▶ **Aim of the exercise**
Where the line holding "3 Pack Baby" appears, start copying, and continue exactly through the last line of the listing, skipping pictures.

▶ **Given entries**
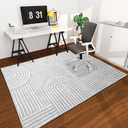 Office Chair Mat for Hardwood Floor, 72"x48" Easy Glide Computer Desk Mat Protector for Rolling Chair Under Desk Rug Nonslip Backing, Machine Wash, (Modern)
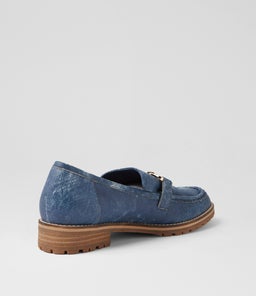 MISIMA W ZR BLUE DISTRESS DENIM LEATHER
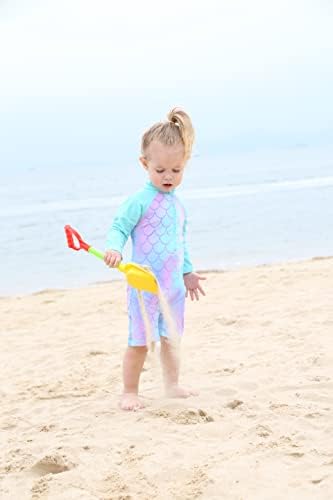 Huainue Baby / Toddler Djevojka kupaći kostimi s dugim rukavima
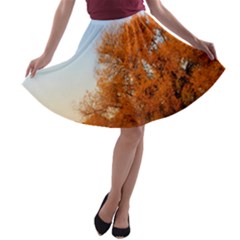 Beautiful Autumn Day A-line Skater Skirt by trendistuff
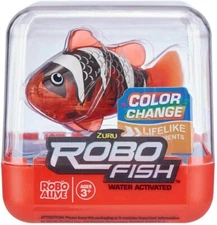 Robo Alive Little Fish Red & Black Robotic Pet Figure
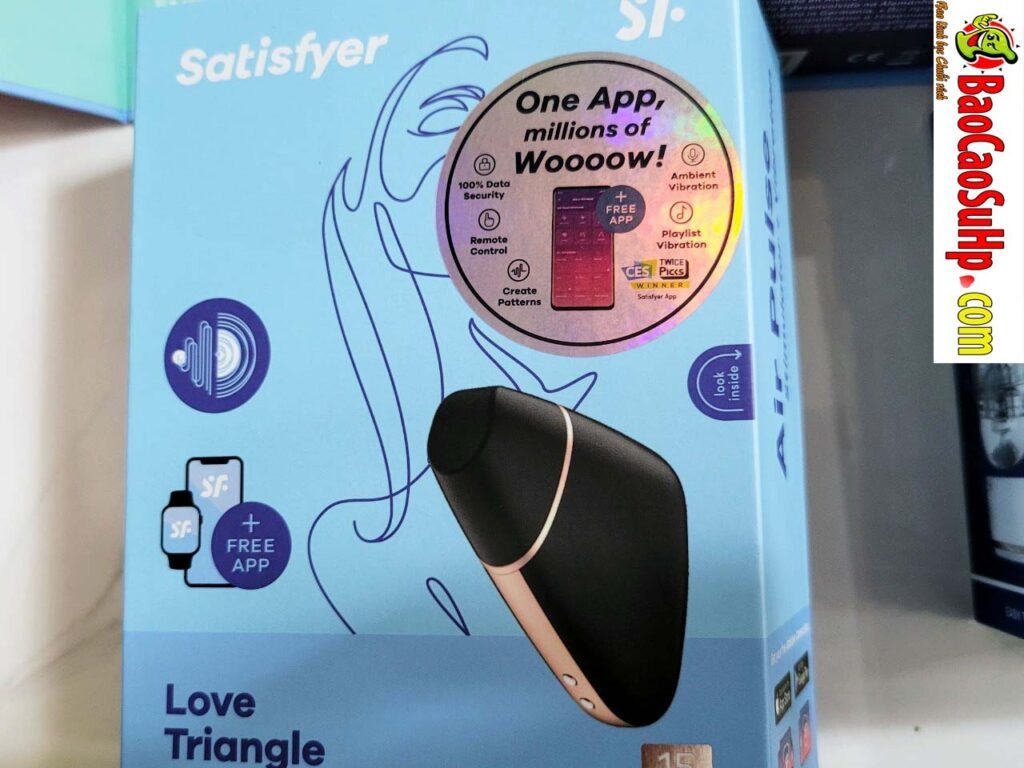 Sextoys USA Satisfyer – Love Triangle App Controlled Air Pulse rung va thoi nho gon 2 1024x768 - Sextoys cao cấp hàng nhập khẩu mỹ Satisfyer hàng về 04.06.2022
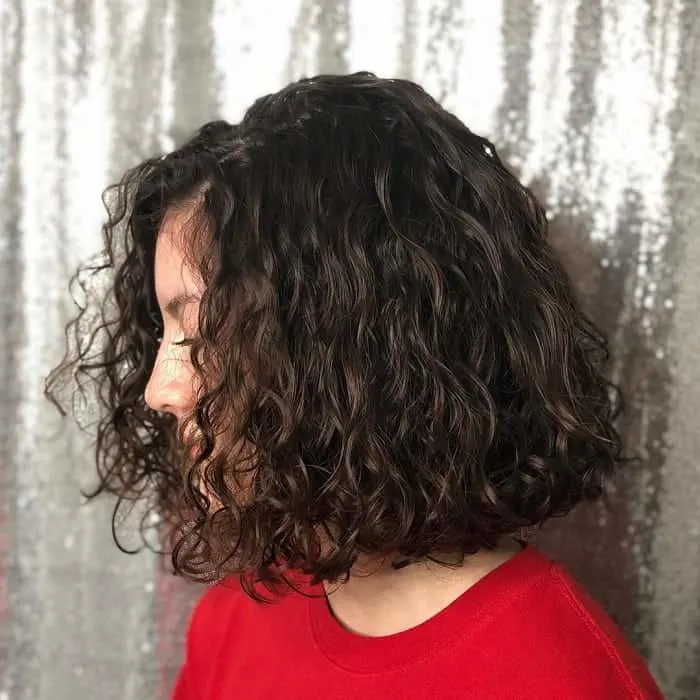 short wavy perm hair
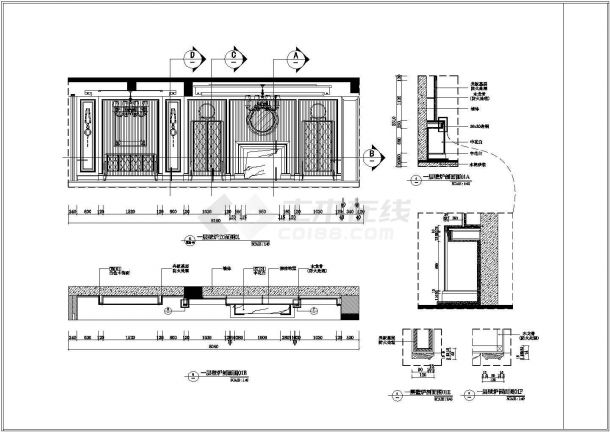 【浙江】现代精装四居室样板房装修设计图-图一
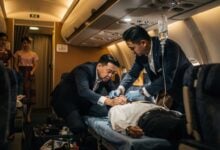 Three doctors saved a passenger in cardiac arrest on a Singapore Airlines flight to Sydney. The flight diverted to Adelaide.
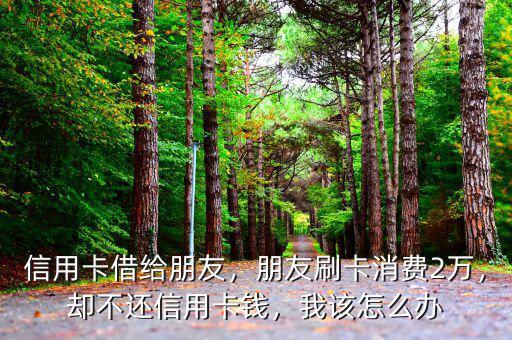 信用卡借給朋友，朋友刷卡消費2萬，卻不還信用卡錢，我該怎么辦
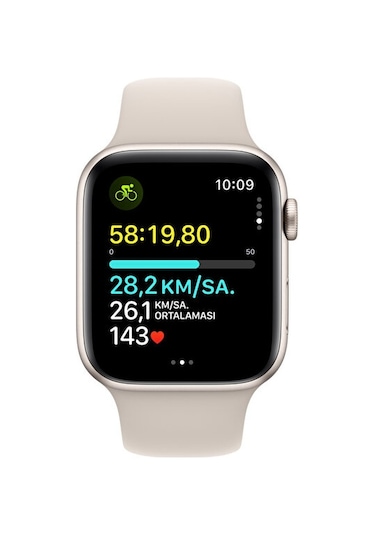 Apple Watch SE 2 (2023) GPS 44 MM Alüminyum Kasa Spor Kordon M/L Akıllı Saat (Apple Türkiye Garantili)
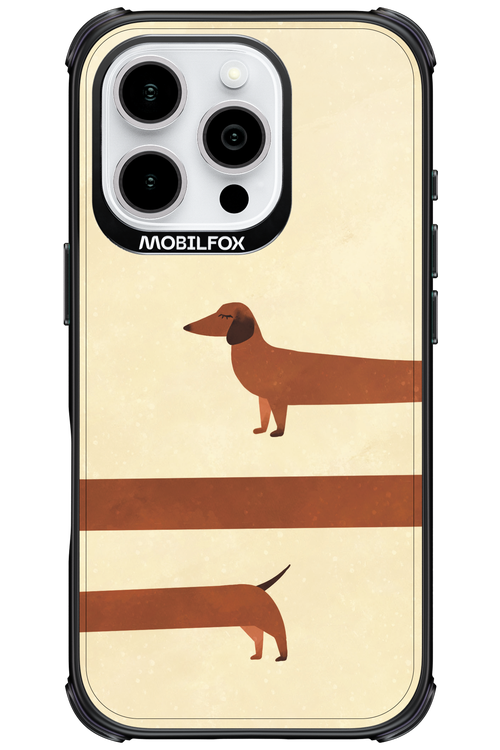 Stretchy Dog - Apple iPhone 16 Pro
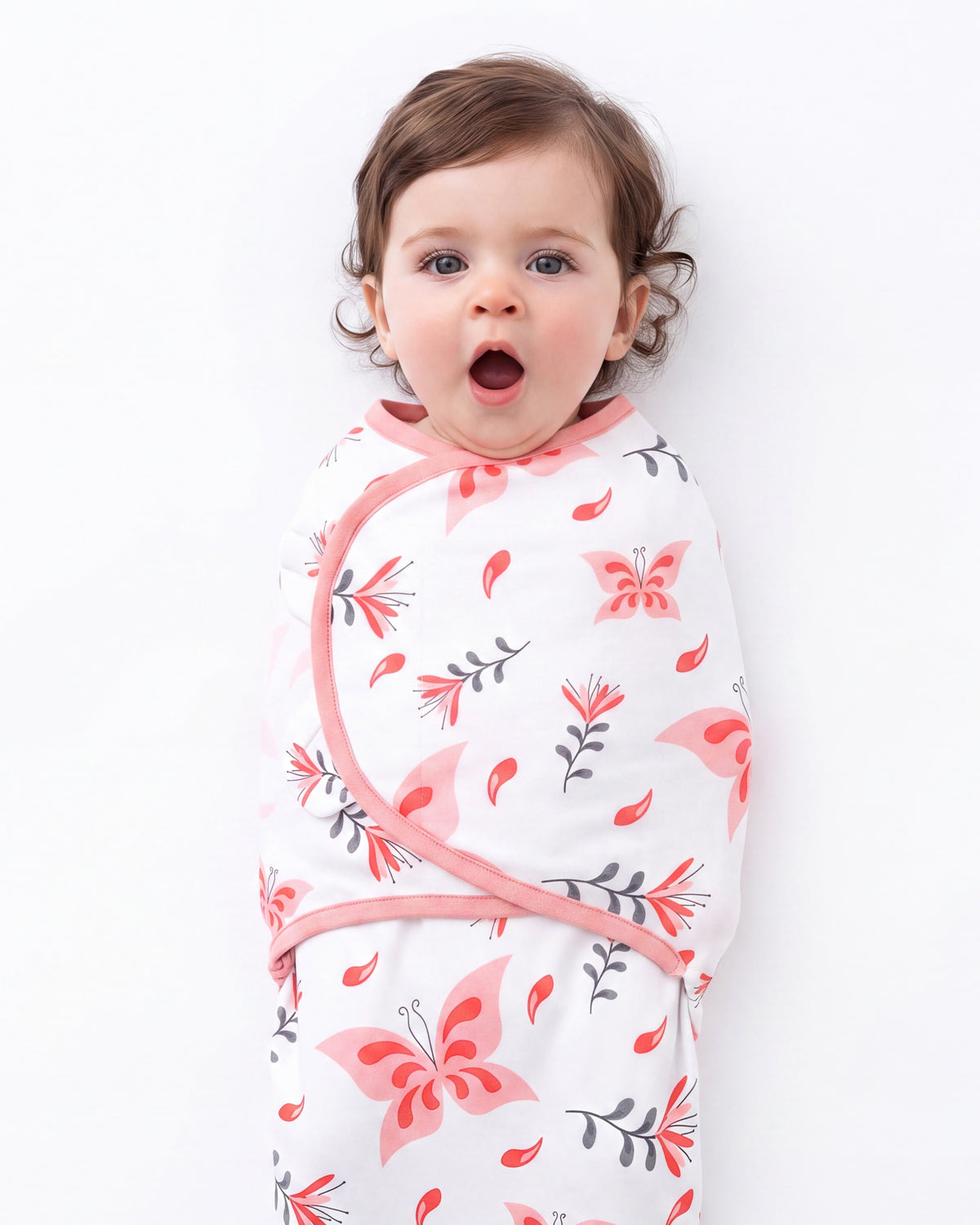 3 Pack Baby Swaddles for Newborns 100% Organic Cotton in Tog 0.5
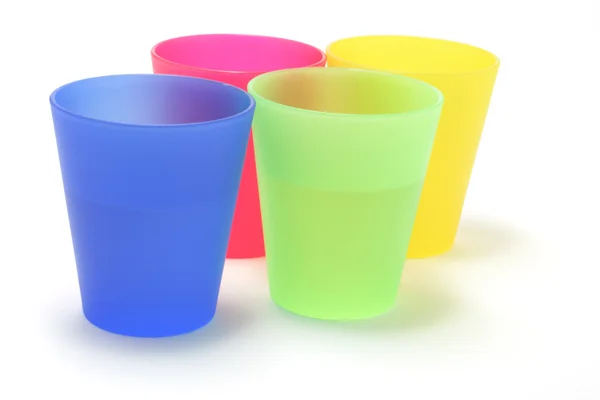 Műanyag pohár — Stock Fotó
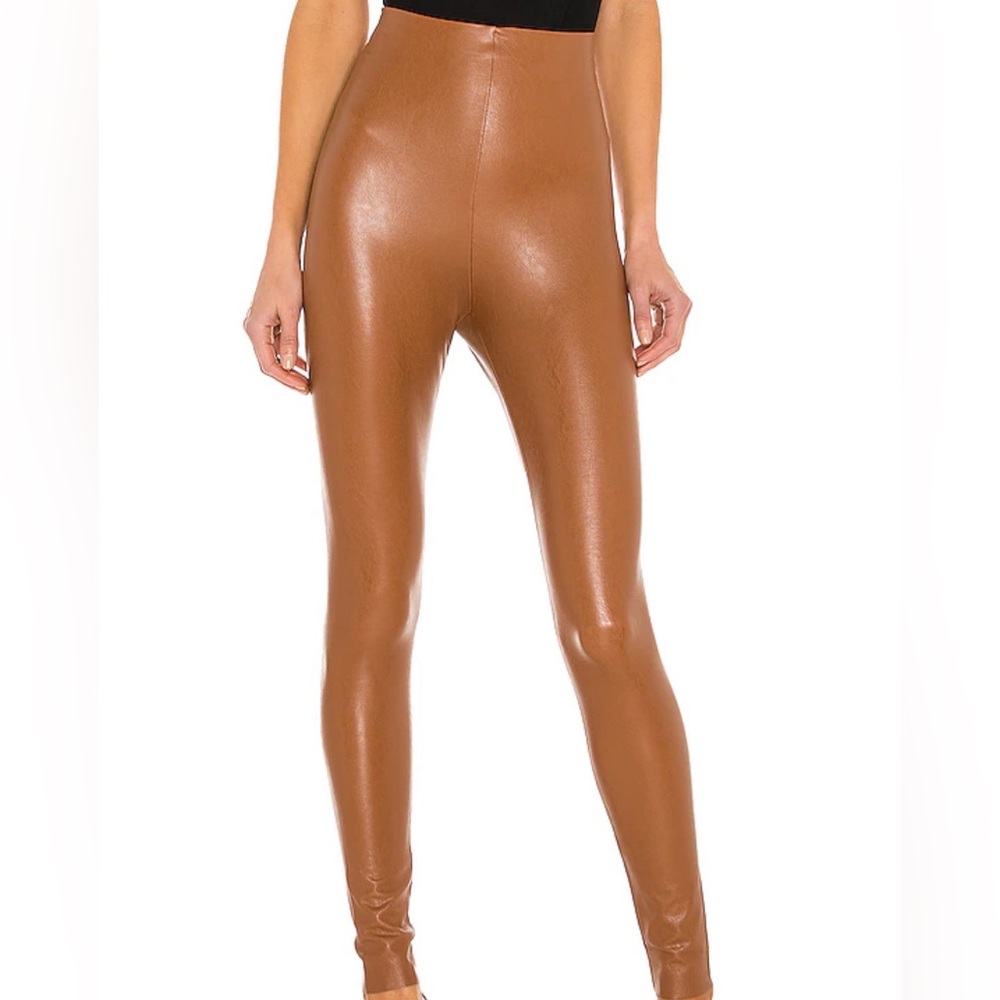 Commando Cocoa Faux Leather Leggings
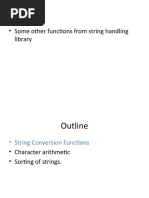 String handling library functions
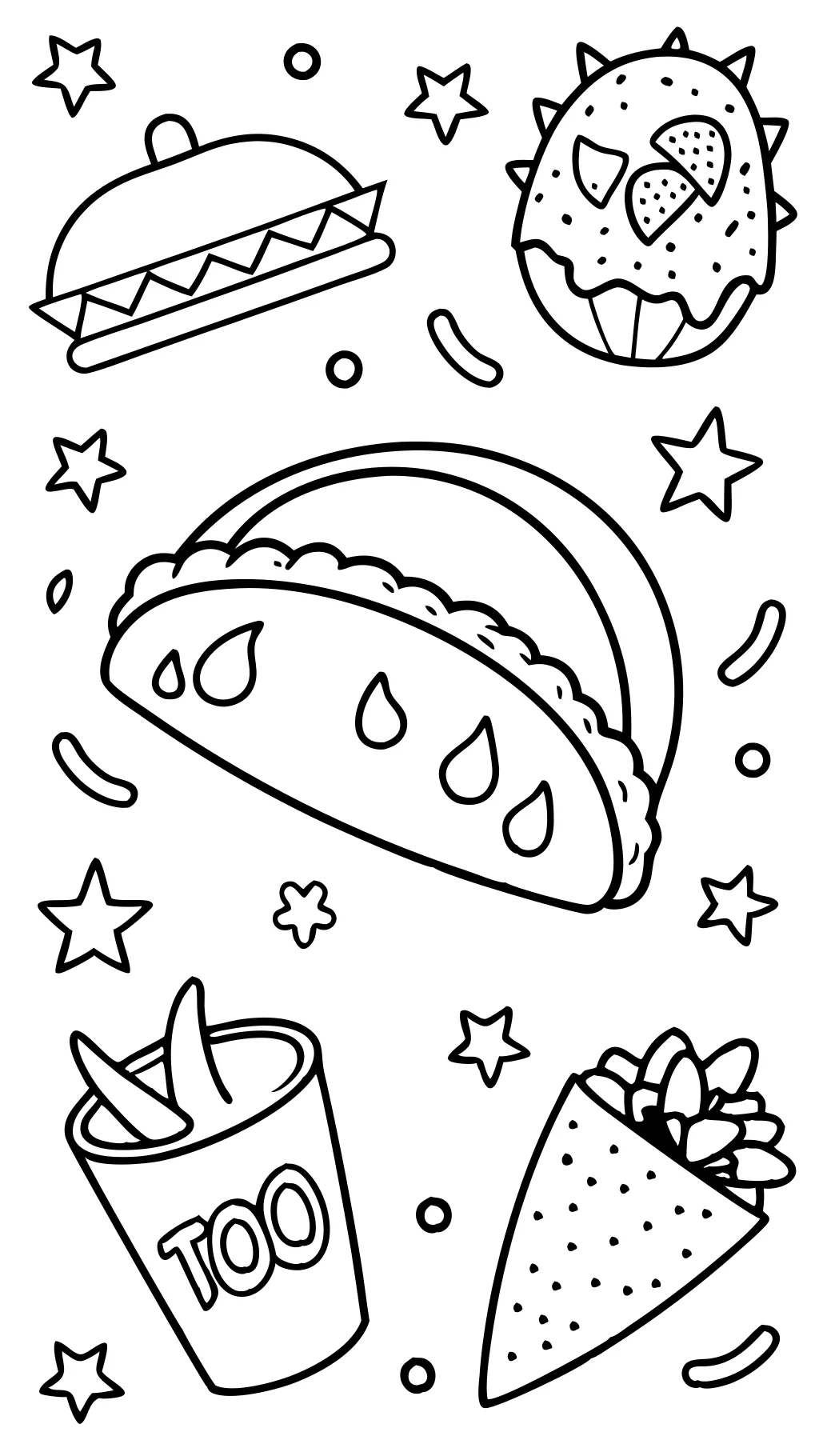 coloriages de taco cloche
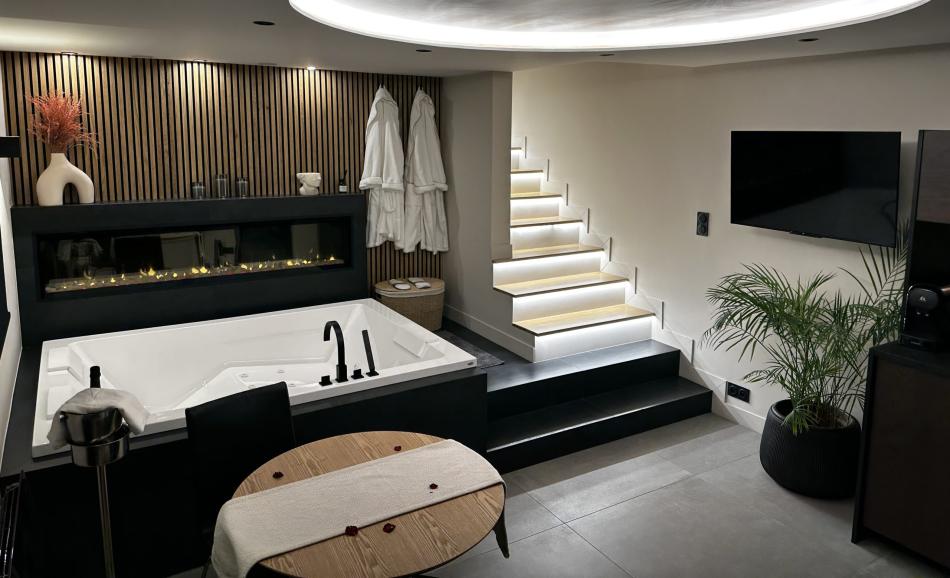 Maison Nina chambre avec jacuzzi privatif Ile de France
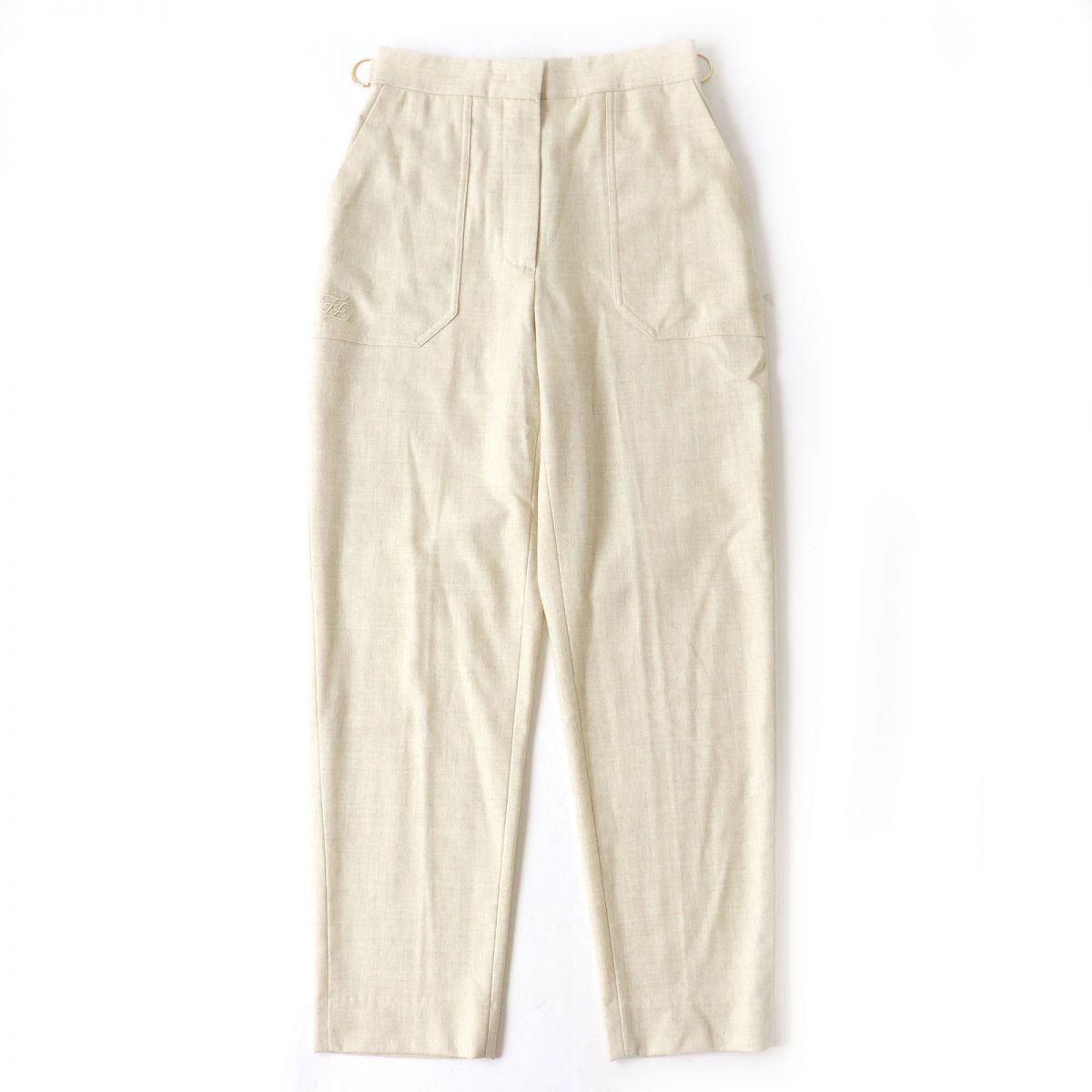 FENDI Pants Main: 90% wool, Main: 8% cashmere, Main: 2% polyurethane light beige Women 38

▶ **Response for this exercise**
 3 Pack Baby Swaddles for Newborns 100% Organic Cotton in Tog 0.5
 Műanyag pohár — Stock Fotó
 Commando Cocoa Faux Leather Leggings
 String handling library functions
 coloriages de taco cloche
 Maison Nina chambre avec jacuzzi privatif Ile de France
 FENDI Pants Main: 90% wool, Main: 8% cashmere, Main: 2% polyurethane light beige Women 38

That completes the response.